Current investment thinking includes a neutral to positive weighting towards equities after being heavily overweight last year. “We like equities in developed markets, but see a new shift into emerging market equities before the end of the year,” says Stadermann.

He adds that HQ Trust rarely holds much cash and is neutral to underweight bonds, preferring fixed income instruments with short durations, especially in emerging market debt, adding some long duration in developed markets.

HQ Trust went underweight hedge fund during the financial crisis, but has since moved to a more bullish view and likes single strategies like convertible arbitrage. Stadermann says most portfolios have between 10% to 20% hedge fund weightings.

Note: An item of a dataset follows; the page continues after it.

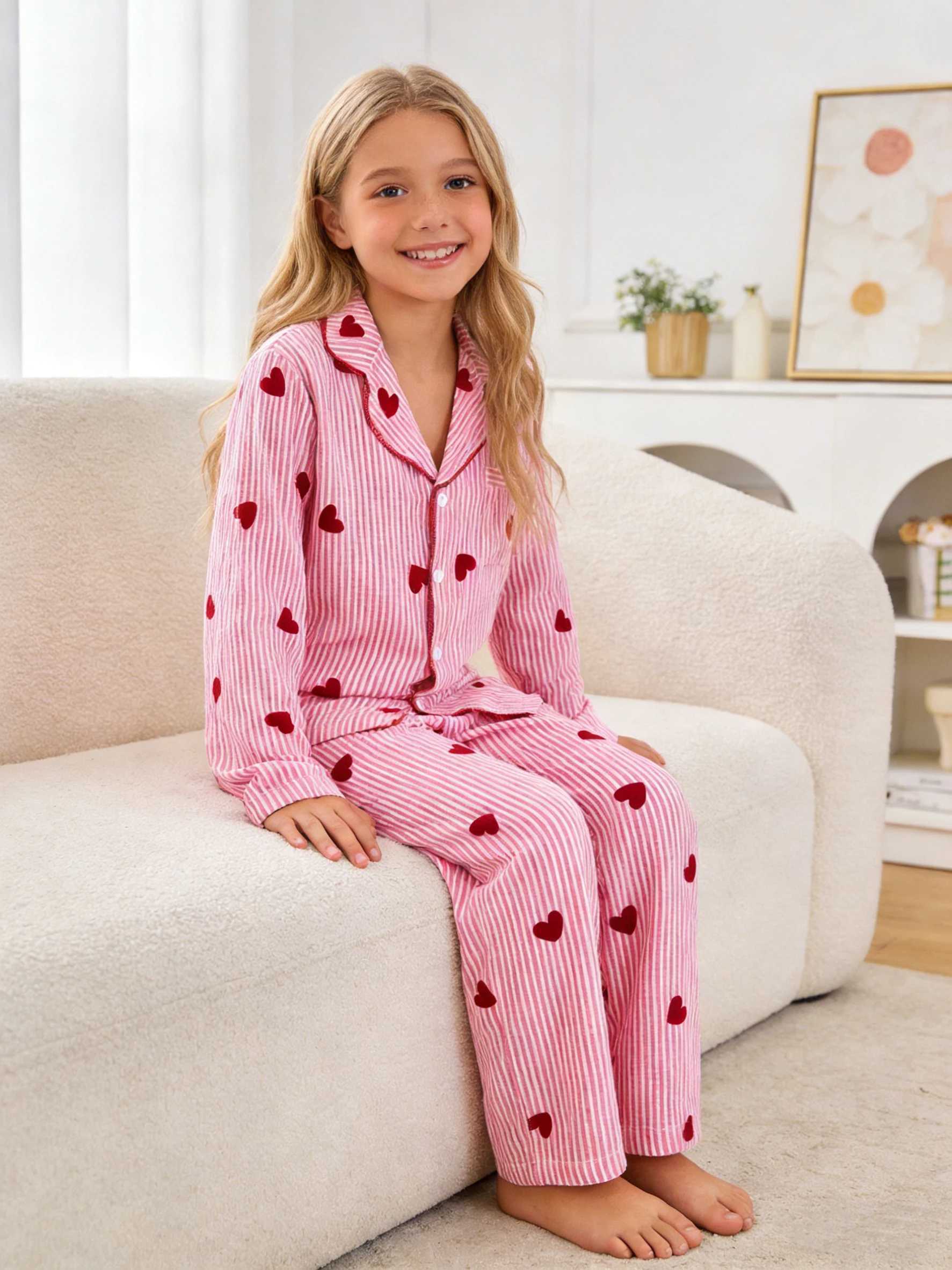 Spring and autumn childrens home clothes set girls heart-shaped striped top and trousers suitable for daily casual wear H260403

Efforts to capture the investment potential of Asia were initiated with the launching of Penjing Asset Management, which was set up by a number of Asian families along with the Quandt family in 2005. Much of the investment activity is centred on hedge funds and Penjing currently has around $500 million assets under management.

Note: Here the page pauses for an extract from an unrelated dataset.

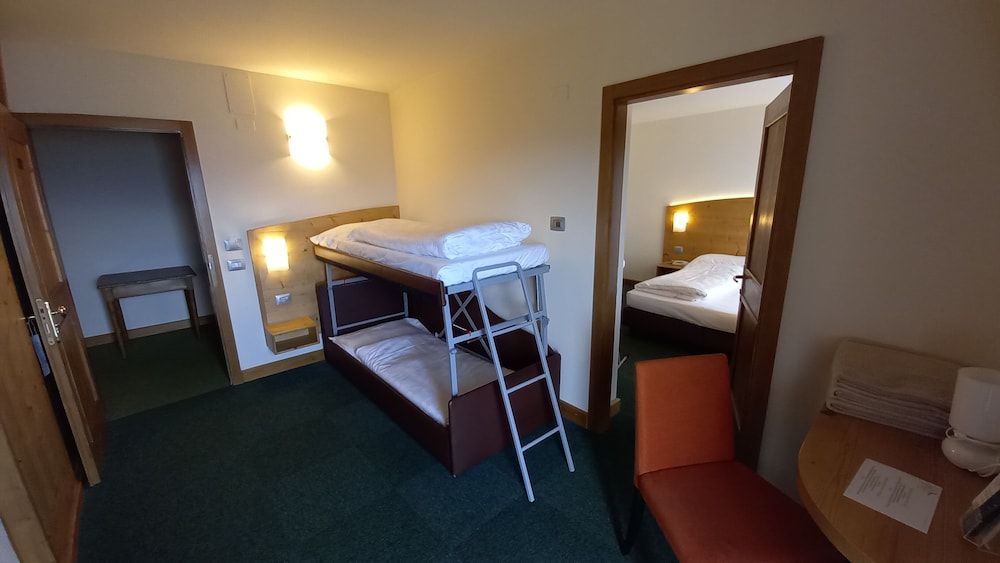 Hotel Monte Bondone Family Room, Balcony, Mountain View 3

Nevertheless, it hasn’t been all plain sailing for the various investment groups owned by the Harald Quandt family. Earlier this year, Markus Stadlmann, one of the triumvirate running HQ Trust and chief investment officer, left to join Barclays Wealth.

Stadermann says the investment function would now be taken care of by managing director Fritz Becker as head of investments, based on an investment committee made up of six investment experts. “My colleague is also managing director of HQ Holdings, this will ensure continuity and continued success of the funds,” he says.